- _What the task requires_
The part to set down runs from the first line of the data below through the line with "a person holding", inclusive; write it exactly and leave out the pictures.

- _Raw data_
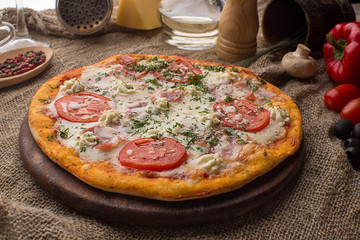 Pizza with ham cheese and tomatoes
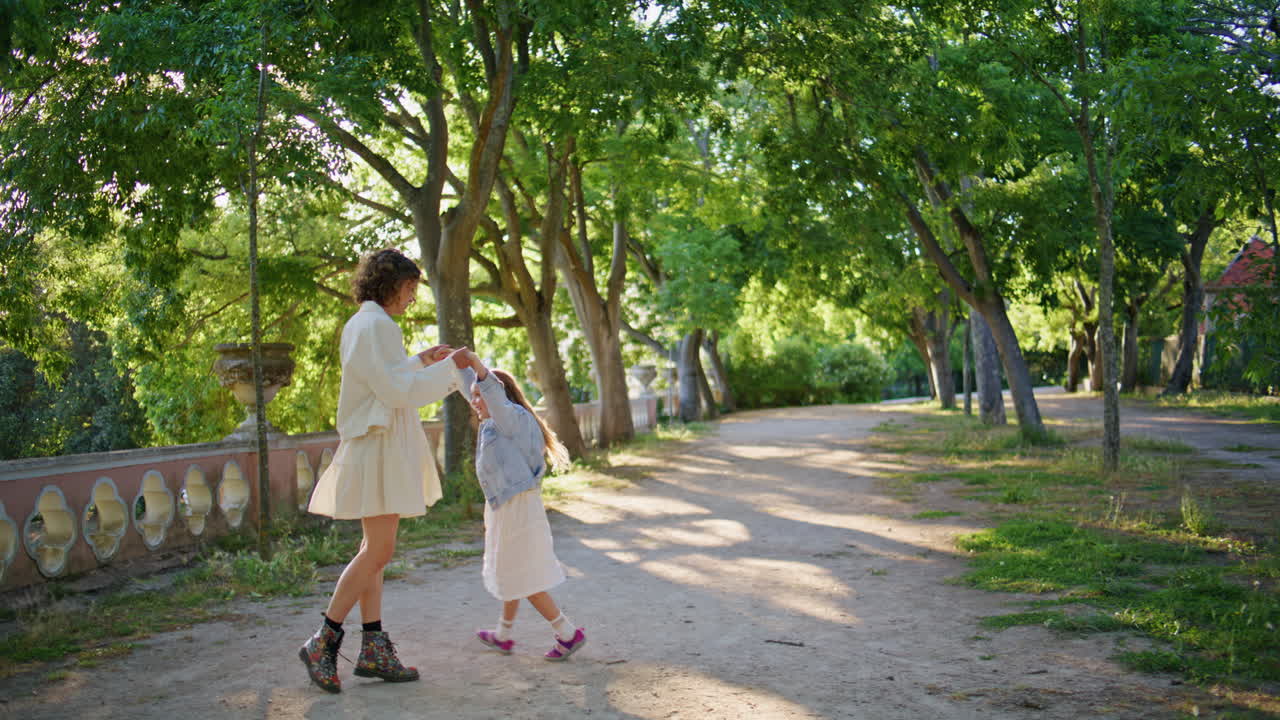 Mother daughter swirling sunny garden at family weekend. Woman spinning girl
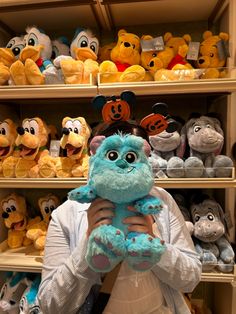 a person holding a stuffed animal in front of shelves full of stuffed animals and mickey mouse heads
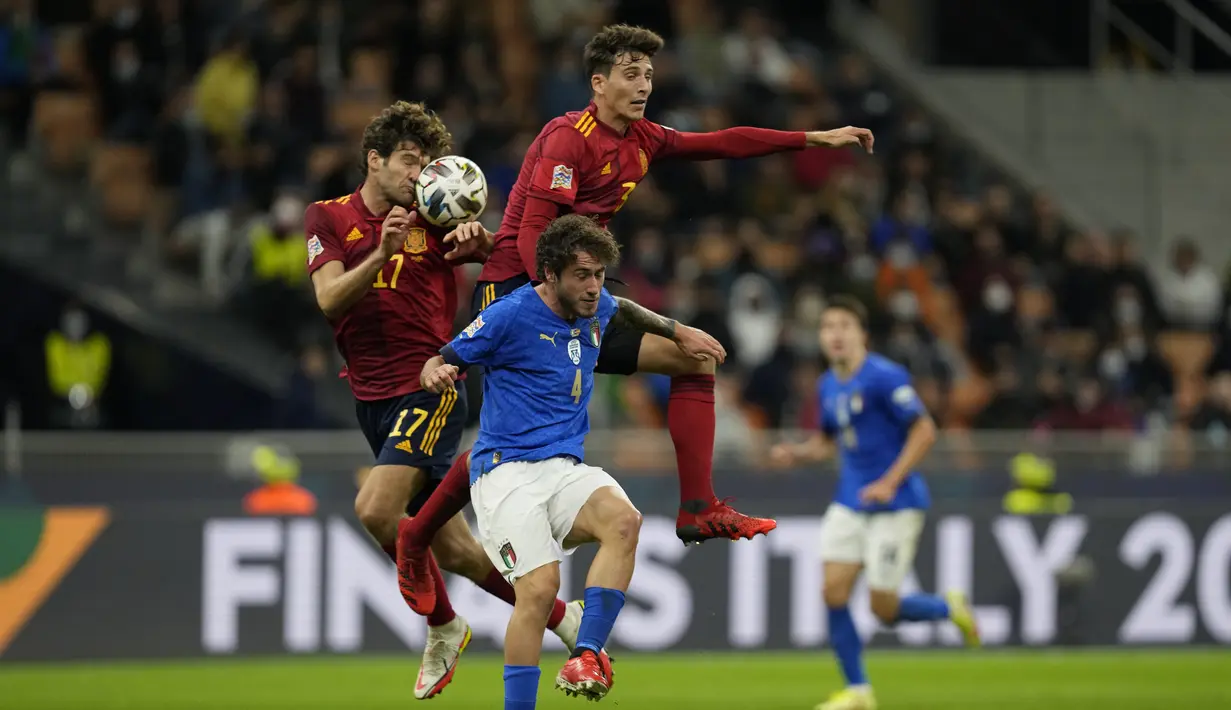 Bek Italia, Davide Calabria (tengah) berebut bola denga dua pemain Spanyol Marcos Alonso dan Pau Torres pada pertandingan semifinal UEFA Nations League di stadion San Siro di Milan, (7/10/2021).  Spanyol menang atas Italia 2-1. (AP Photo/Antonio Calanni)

- _Written answer_
 Pizza with ham cheese and tomatoes
 Mother daughter swirling sunny garden at family weekend. Woman spinning girl
 a person holding a stuffed animal in front of shelves full of stuffed animals and mickey mouse heads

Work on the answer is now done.